UKIP’s National Executive Committee (NEC) has declared UKIP MEP and leadership favourite Steven Woolfe “ineligible” to stand in the up-and-coming contest.
The NEC claimed he is “ineligible as a result of a late submission”. It has also been claimed that he failed to renew his party membership and to declare a drink driving conviction when he stood and a Police Crime Commissioner in 2012.
Two of the three voting members of the NEC selected for the panel have expressed private opposition to Mr Woolfe’s candidacy, according to sources close to Mr. Woolfe, and some members are accused of having private connection to rival candidates.
Three other members of the NEC – Victoria Ayling, Mick McGough and Ray Finch – have promptly resigned in protest of Mr. Woolfe being blocked.
In a joint letter, they said members of the NEC had placed “personal ambitions, loyalties and jealousies at the heart of their decision-making” and displayed an “escalating megalomania”.
Mr. Woolfe claimed in a statement that the NEC “has proven it is not fit for purpose and it has confirmed many members fear that it is neither effective nor professional in the way it governs the party.
“The NEC panel have even accepted they were wrong to raise questions of my membership of the party, as I have been a full member since 2011”.
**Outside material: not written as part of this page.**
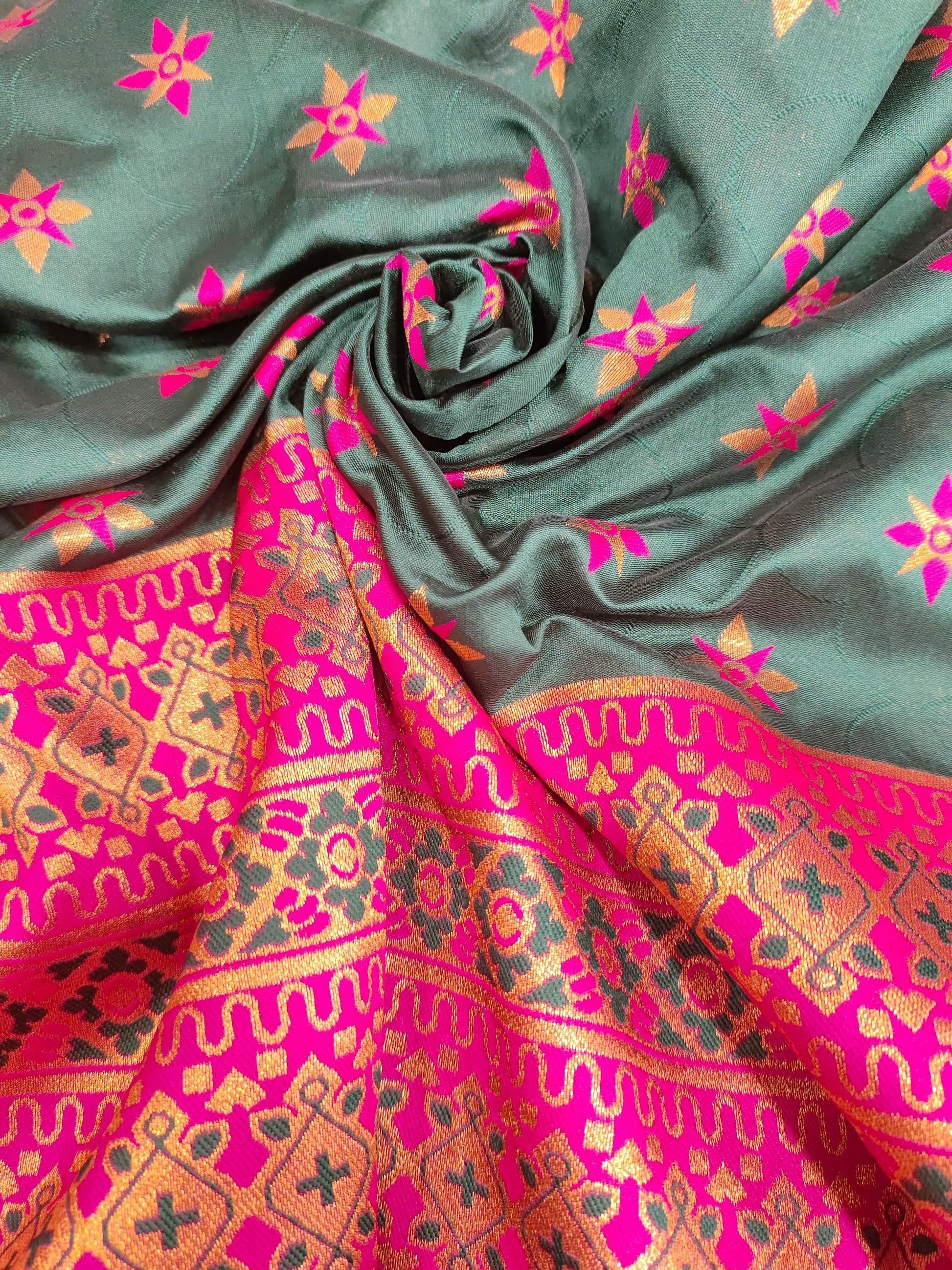 Banarasi silk border with green and pink color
He also said that “highly confidential information about me held in party documents has been leaked to the press and the NEC have not sought to investigate this gross breach of privacy” and “the NEC’s treatment of Nathan Gill over the past two weeks has also been totally unacceptable”.
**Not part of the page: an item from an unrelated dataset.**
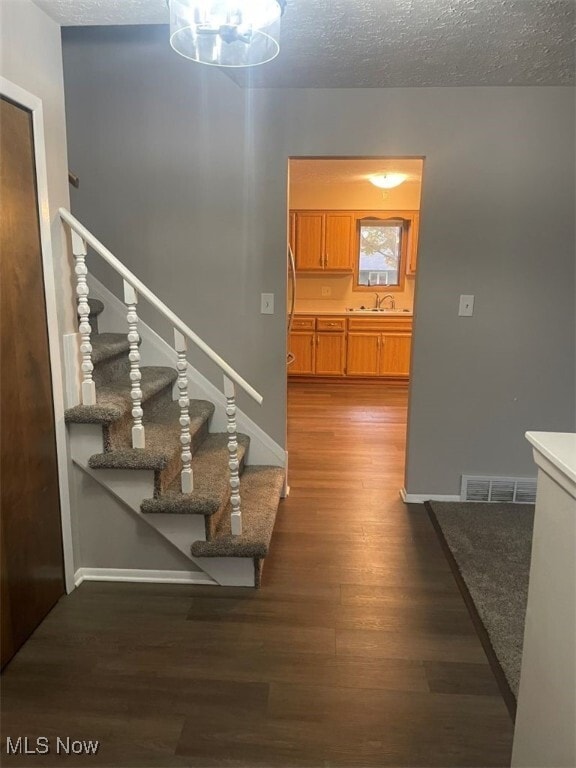 Building Photo - 14292 Trenton Ave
“If I were on the ballot, I would have fought to reform the internal structure of UKIP including the NEC. UKIP must professionalise and it cannot do that with an unfit NEC”, he added, concluding: “Although I am out of the contest I wish the other candidates well and hope they can show UKIP has a positive, inclusive, patriotic vision for Britain.”
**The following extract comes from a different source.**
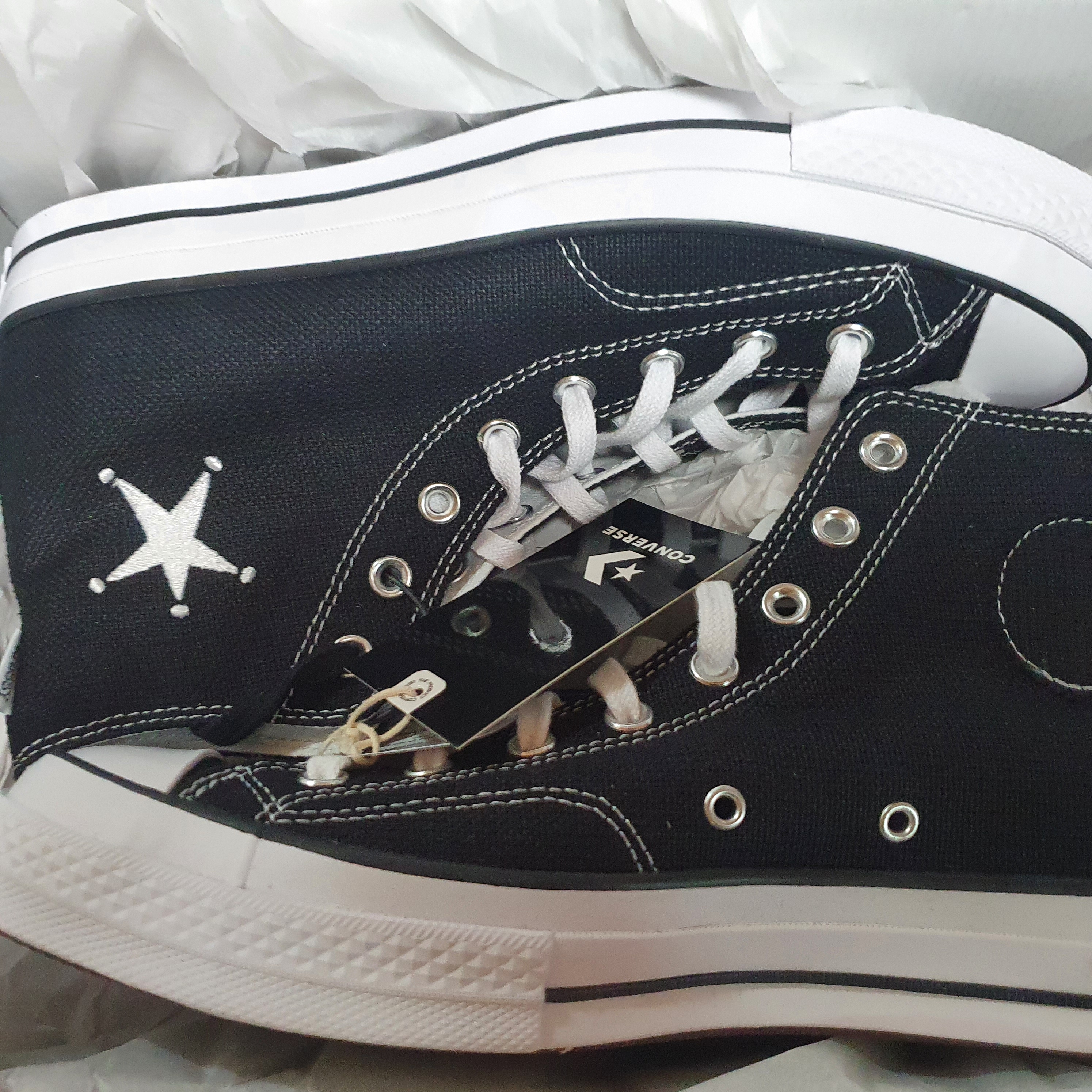 Converse x Stussy Chuck 70 High Black 착용 스타일 - 2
Those who were allowed on the ballot are Diane James, the new frontrunner and a former parliamentary candidate, Bill Etheridge, an MEP, Elizabeth Jones, a deputy chairman of UKIP’s Lambeth branch, Jonathan Arnott, also an MEP, Lisa Duffy, a party organiser, and Phillip Broughton, a former candidate.
Mr. Woolfe, the party’s migration spokesman, became an MEP for the North West in 2014. He has long been seen as the strong favourite to replace Nigel Farage. As a working class lawyer from the North of England, it is thought he can reach out to both ex-Labour voters in the North and Southern Tory voters.
The decision comes after UKIP MEP Victoria Ayling claimed last night that there is “a coup attempt via the NEC by Carswell/Hamilton” to keep leadership favourite Steven Woolfe MEP off the ballot paper.
UKIP donor Aaron Banks levelled the same allegation this morning.
Mr. Woolfe says IT problems meant that he missed the midday deadline to submit his candidacy forms by 17 minutes. He has since produced email evidence suggesting the £5,000 application fee was paid in time.
He told the BBC Radio 4 Today this Monday: “I did feel like I was in a scene from Little Britain’s ‘computer say no’. But at 11.35am yesterday I managed to be on the phone with my bank to prove that the £5,000 had been transferred over.”
The problems demonstrated why UKIP “really do need to professionalise”, he said.
Asked if he would pursue legal action if his application was rejected, he replied: “I hope it wouldn’t come to that. Hopefully they recognise that everybody in the country now sometimes looks at their computer screens and screams at it when something is not working, but we have a system in place that didn’t seem to work properly that day.”